I have to admit, I was a bit scared,” concedes a primary school teacher, who, like many others quoted in the following 1,000 words, wishes to remain anonymous (which tells you a lot about the problem at hand).

After he gave a presentation at a CPD event, someone requested the slides on Facebook. He duly posted them to a Facebook group of teachers and within minutes, some members were calling his capacity to teach and his intelligence into question, while others were being generally hostile in a manner that, if they had acted that way in person, would have prompted someone to step in to put an end to it.

“I had no idea teachers could be like that,” says the teacher. “And to be like that publicly, where anyone can potentially view their comments, seemed crazy.”

Crazy, but not uncommon.
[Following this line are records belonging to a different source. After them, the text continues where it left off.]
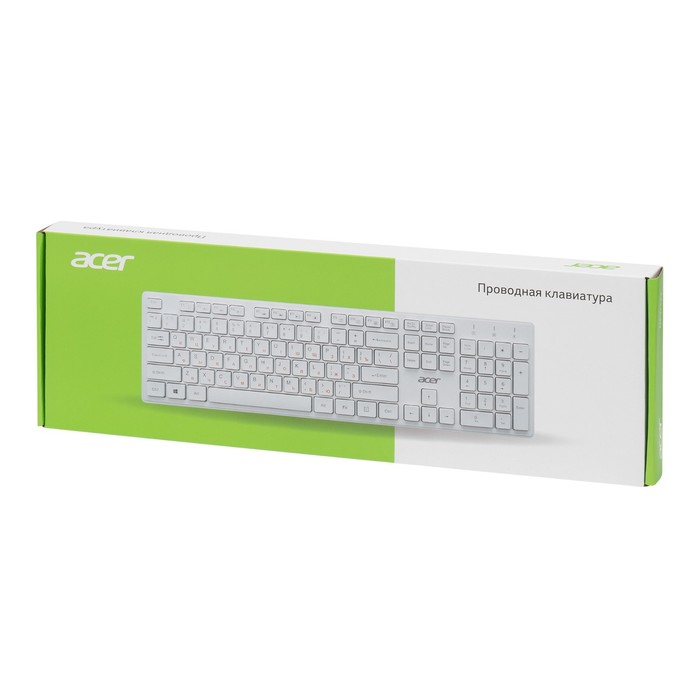 Клавиатура Acer OKW123 белый USB (ZL.KBDEE.00D) - фото 51515064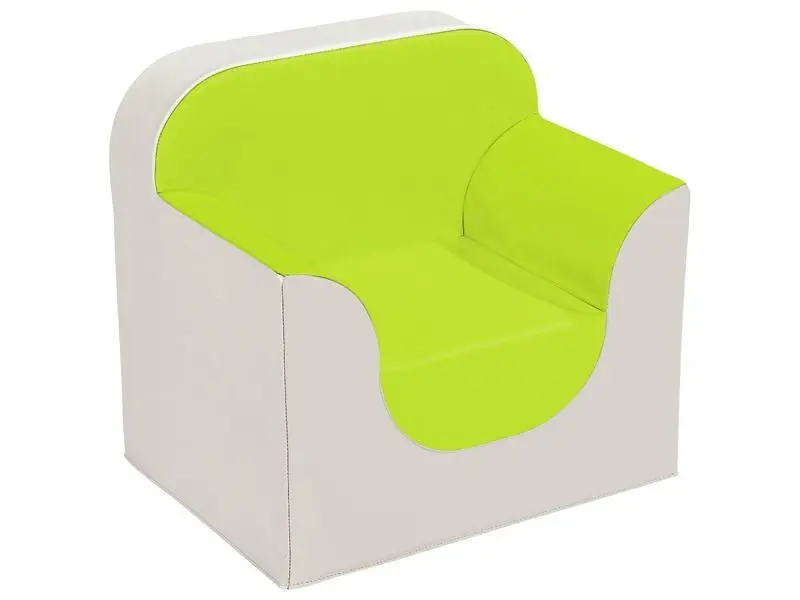 light green soft foam armchair designed for cozy, supportive seating in classrooms, therapy rooms, and play environments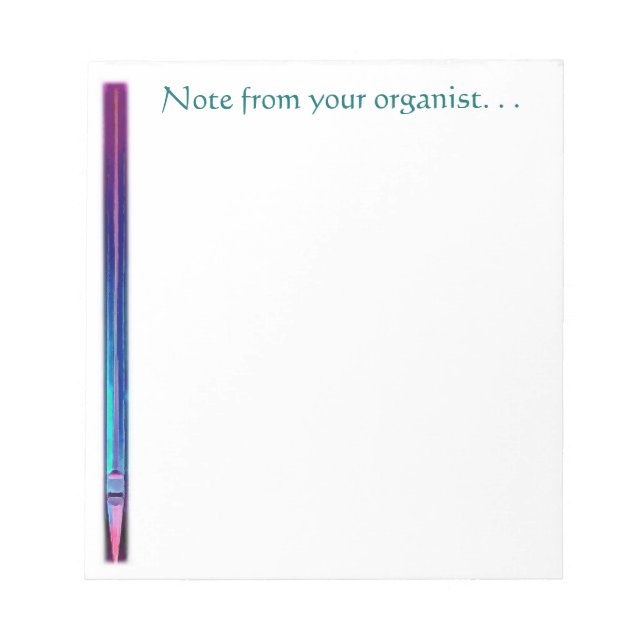 Note from your organist notepad (Front)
Social media has become one of the most positive tools for teachers to use to further their professional development, get hold of fresh ideas or new resources, and generally to reach out to fellow professionals for support or simply find solace that others are struggling, too. Most teachers are aware of what not to post in terms of their personal life, but “teacher social media” has blossomed.

Unfortunately, like the online world in general, these interactions can be marred by what would be deemed anti-social behaviour in the real world. In some instances, it is petty squabbles of an ilk teachers would dissuade students from engaging in; in others, it is rudeness and intimidating behaviour. Teachers have even reported feeling bullied for holding a particular view on teaching.

The worrying thing for school leaders is that much of this behaviour is public. It takes just a few seconds to link a teacher’s name to a school if the account is not anonymised (on Twitter, for example, surprisingly few teachers hide their identity). And even many anonymous posters can be tracked down with a little detective work.

That gives heads a dilemma: on one hand, you have a fantastic teaching resource; on the other, you have staff that seem to act in ways they would not do normally, and ways that risk bringing the school into disrepute.

Rules of engagement

As we enter another academic year, with an opportunity to set new ground rules, some heads are trying to work out whether they need to take action to protect both the school and the teachers.

“I know social media, like Facebook, can be a wonderful tool for keeping in touch with friends, but it can also be a tool for a lot of abuse,” says a secondary head who wishes to remain anonymous. She is considering more specific guidelines around what is expected of teachers publicly on social media.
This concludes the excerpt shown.